(The) effect of Cu addition on the mechanical properties of NiTi shape memory alloy thin films

Abstract

Shape memory alloys (SMAs) are a class of material which can revert to their original shape upon removal of thermomechanical stimulus. Among them, Ni-Ti-based SMAs have received a great attention due to their large work output and displacement, good corrosion resistance, and biocompatibility. Owing to the compositional sensitivity of Ni-Ti and toxicity of Ni, the addition of a third element has been extensively studied. In particular, the addition of copper (Cu) improves fatigue stability, and reduce sensitivity to composition. In this work, Ni-Ti and Ni-Ti-Cu free standing thin films were fabricated via microelectromechanical system (MEMS) based process, and tensile and fatigue tests were carried out using a custom-built micro-mechanical tester.
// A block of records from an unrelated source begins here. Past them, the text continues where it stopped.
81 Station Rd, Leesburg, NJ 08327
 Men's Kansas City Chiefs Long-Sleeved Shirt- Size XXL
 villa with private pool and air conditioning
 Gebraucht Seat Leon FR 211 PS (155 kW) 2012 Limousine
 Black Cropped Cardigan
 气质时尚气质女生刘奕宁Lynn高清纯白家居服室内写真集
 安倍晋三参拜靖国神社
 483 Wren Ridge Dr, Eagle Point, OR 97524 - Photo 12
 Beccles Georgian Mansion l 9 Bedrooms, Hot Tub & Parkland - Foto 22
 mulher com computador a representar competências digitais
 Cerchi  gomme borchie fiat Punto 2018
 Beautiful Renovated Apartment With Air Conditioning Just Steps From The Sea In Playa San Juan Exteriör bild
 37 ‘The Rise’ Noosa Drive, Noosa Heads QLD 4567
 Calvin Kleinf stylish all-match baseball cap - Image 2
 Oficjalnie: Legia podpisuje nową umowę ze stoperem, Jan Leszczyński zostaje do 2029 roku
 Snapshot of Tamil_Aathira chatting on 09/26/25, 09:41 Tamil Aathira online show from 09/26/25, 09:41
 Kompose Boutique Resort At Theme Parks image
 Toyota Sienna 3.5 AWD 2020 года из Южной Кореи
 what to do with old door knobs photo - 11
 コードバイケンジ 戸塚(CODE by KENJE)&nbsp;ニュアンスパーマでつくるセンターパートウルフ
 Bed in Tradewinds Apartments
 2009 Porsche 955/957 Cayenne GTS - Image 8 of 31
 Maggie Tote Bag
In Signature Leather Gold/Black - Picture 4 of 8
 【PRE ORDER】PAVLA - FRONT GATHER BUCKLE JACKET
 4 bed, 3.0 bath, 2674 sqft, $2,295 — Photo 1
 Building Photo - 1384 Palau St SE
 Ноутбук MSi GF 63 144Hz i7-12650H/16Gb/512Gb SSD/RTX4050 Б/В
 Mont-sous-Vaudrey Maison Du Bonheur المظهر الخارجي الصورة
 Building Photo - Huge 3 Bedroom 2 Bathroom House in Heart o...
Ni-Ti thin film was deposited as Ni-rich films, which also contains Ni4Ti3 semi-coherent precipitates. Lenticular-shaped semi-coherent Ni4Ti3 precipitates in the grain interior can act similarly to grain boundaries, resulting in grain refinement effects that highly improves its cyclic stability. In addition, (Ni,Cu)-rich Ni-Ti-Cu thin films were fabricated with the presence of (Ni,Cu)2Ti precipitates. As the Cu content increases, the volume fraction of precipitates increased while the volume fraction of austenite decreased as confirmed by X-ray diffraction (XRD) patterns. The shape and size of precipitates were confirmed using scanning transmission electron microscopy (STEM) - High-angle annular dark-field (HAADF) images and energy dispersive X-ray spectroscopy (EDS). Moreover, as Cu content in Ni-Ti-Cu increases, the shape of (Ni,Cu)2Ti precipitate changes from plate-like to spherical, along with a decrease in its size, in which can lead to improvement of fatigue stability.